Bipartite Society: The Individual and the Group
The interdependence of the individual and the organization is an enduring theme in sociological thought. Cooley wrote that “man may be regarded as the point of intersection of an indefinite number of circles representing social groups, having as many arcs passing through him as there are groups” (1902/1964, 148). Simmel (1955) captured the tension between the individual and the organization when he defined two types of group affiliation: “organic membership,” where the organization is not chosen by the individual as an expression of his or her traits (e.g., as in the case of the family), and “rational membership,” where the organization is chosen as a conscious expression of the individual's traits. For Simmel, the most important outcome of an individual's affiliation to an organization was the constraint and socialization of the individual; an individual, he laments, “is determined sociologically in the sense that groups ‘intersect’ in his person by virtue of his affiliations with them” (150).

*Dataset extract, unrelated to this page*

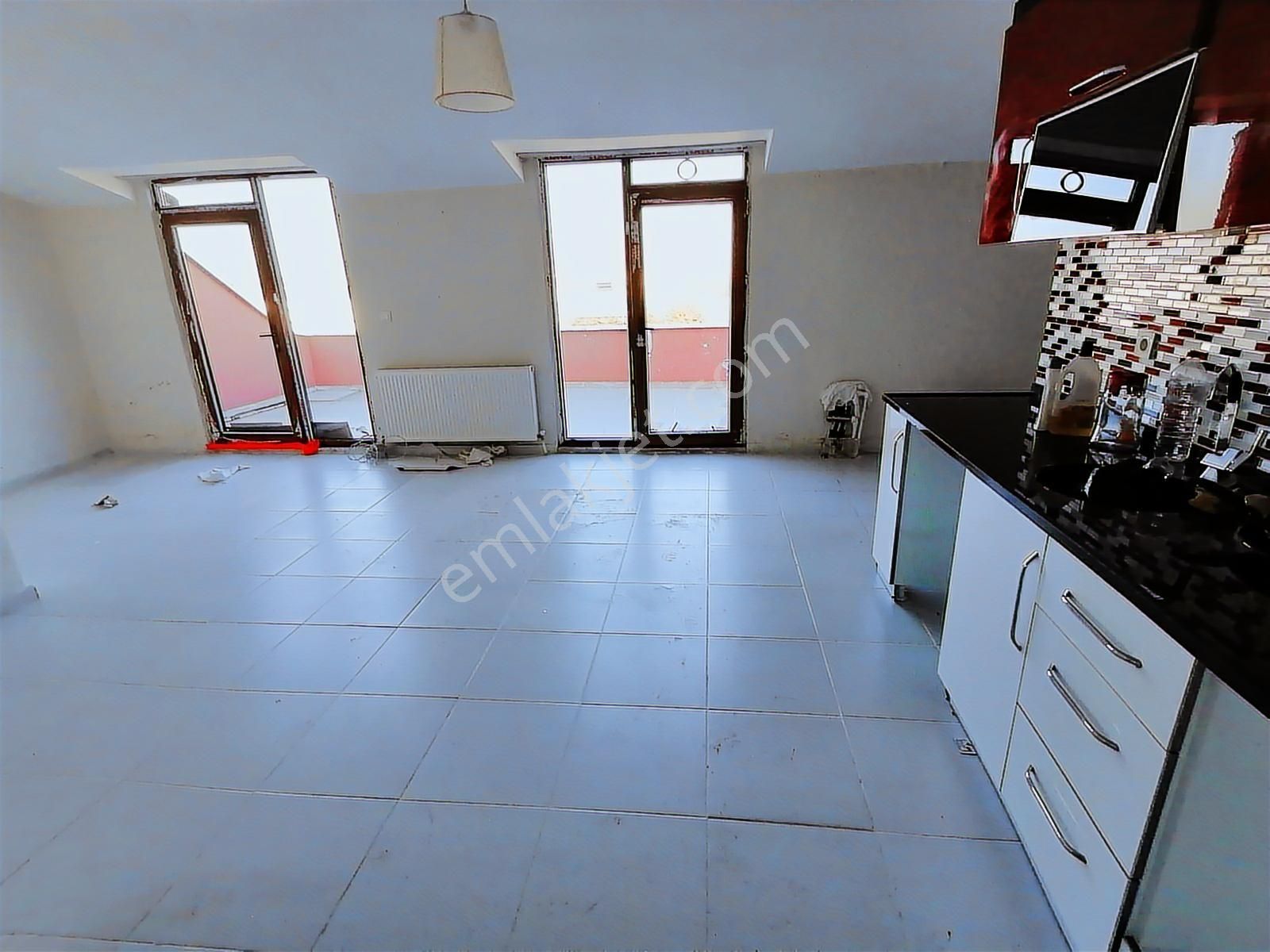 Adnan Kahvecide Site İçi Çift Teraslı 1+1 Geniş Daire! - Görsel 14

Social network analysis has developed a distinctive and highly systematic set of methods for representation, measurement, and (more recently) modeling of this interdependence called, variously, “membership networks,” “affiliation networks,” “bipartite networks,” and “two-mode networks” (Breiger, 1974; Robins & Alexander, 2004; Wang, Sharpe, Robins, & Pattison, 2009). The advantage of bipartite networks is that they preserve the dualistic structure of organization–individual relations, representing the network as ties between a set of individuals and a set of organizations. They avoid simplifying the relationships into the one-mode form of either a network of individuals or a network of organizations (see Chapter 10, Section 10.2, for more on bipartite networks).